広告契約ゼロでノイローゼ寸前だったニトリ会長の過去、"ダメ営業マン"が「たまたま選んだ家具業界」で天下を取った訳
家出、のち、人と話せないダメダメ営業マン
北海学園大学を卒業した私は、そのまま父の会社である似鳥コンクリート工業に入社しました。しかし、父にこき使われることが嫌になって家出します。それもそうです、入社を拒んで短大に進学し、さらには「もうちょっと学生生活を……」と大学に編入したほどだったのですから。よっぽど嫌だったんでしょう。

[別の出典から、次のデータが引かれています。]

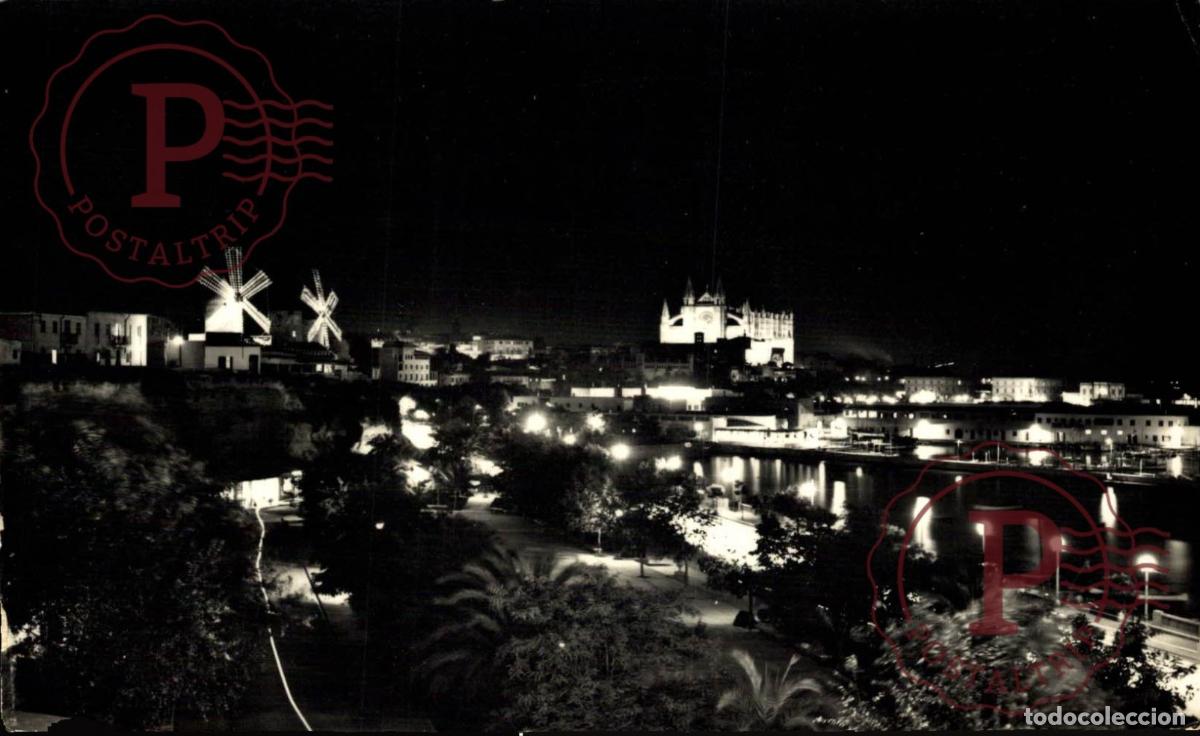 Postales: PALMA DE MALLORCA. Palma De Noche, Desde El Paseo Mar&iacute;timo. MALLORCA. ISLAS BALEARES. ESPA&Ntilde;A ESPAGNE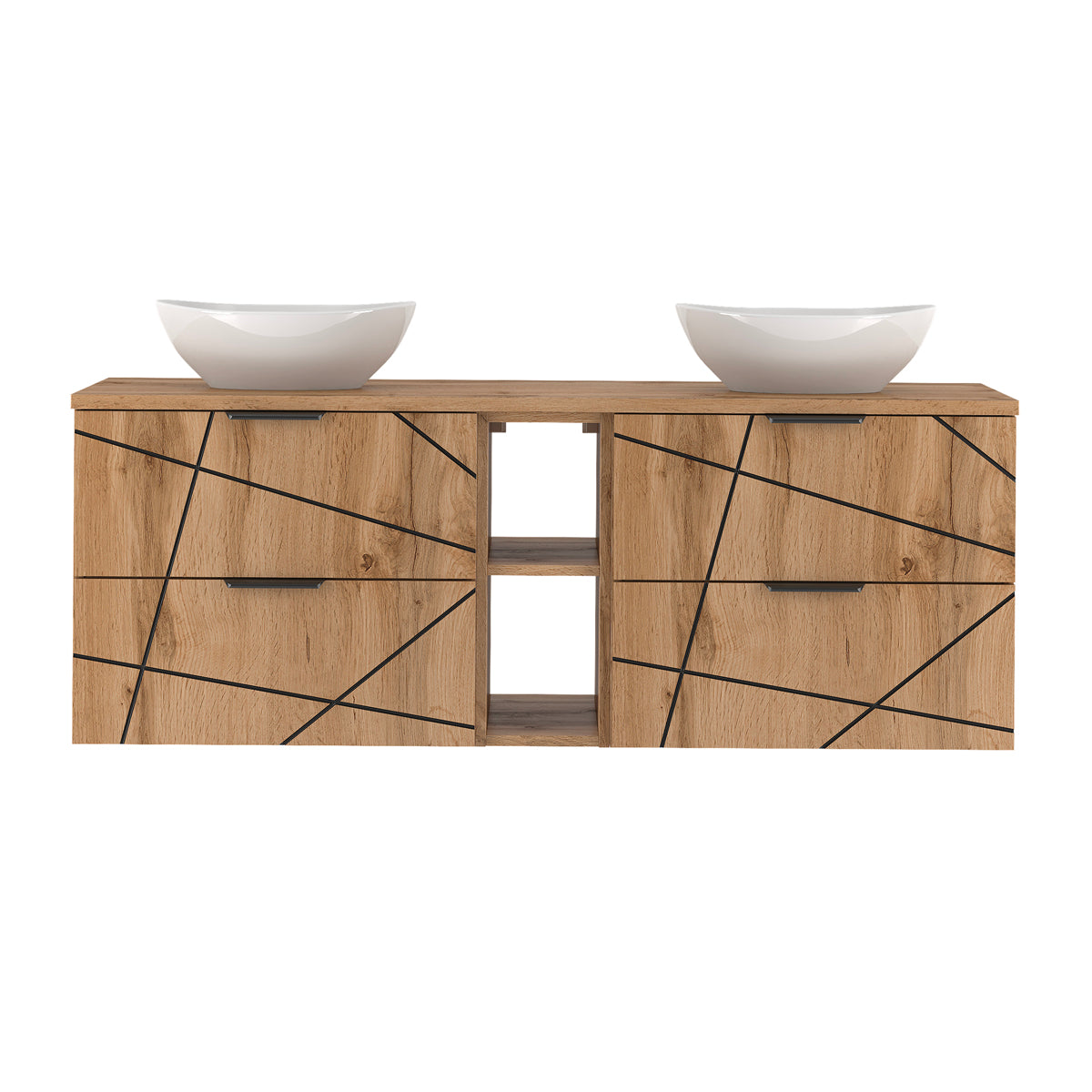 Meuble double vasque 140cm 2 niches Teren Bois - vue 2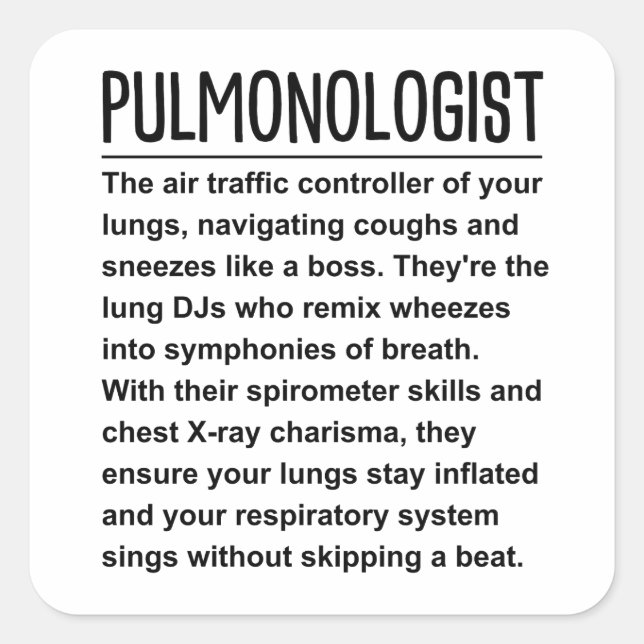 Pulmonologist Square Sticker (Front)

無職、家無しになった私は札幌市内の友人に頼み込み、屋根裏に住まわせてもらいながら就職活動をしました。ようやく見つかったのは広告営業の仕事。営業所に併設されたアパートに住み込みながら、働くことになりました。
私は1件も広告契約を取ることができませんでした。マニュアル通りに真面目に売り込む場面では、どうにも言葉に詰まってしまうのです。
飛び込みで営業しても会ってもらえることは少なく、ごくたまに話を聞いてくれる人が現れても用件を伝えられない。すると相手は「この営業マンは何をしに来たんだ?」と怪訝な顔です。
話すだけでなく、相手の話を聞くのも営業の仕事ですが、そちらもダメダメでした。広告の種類、契約のパターン、値引きなどについて、その場その場でさまざまな質問が出てくると、私は即座に理解できないんですね。適当な返事もできない。
そんなことを繰り返すうち、営業に行こうとするだけで汗が噴き出すようになり、いざ相手を前にすると赤面して、言葉がつかえて出てこなくなりました。軽い対人恐怖症のような状態になってしまったのです。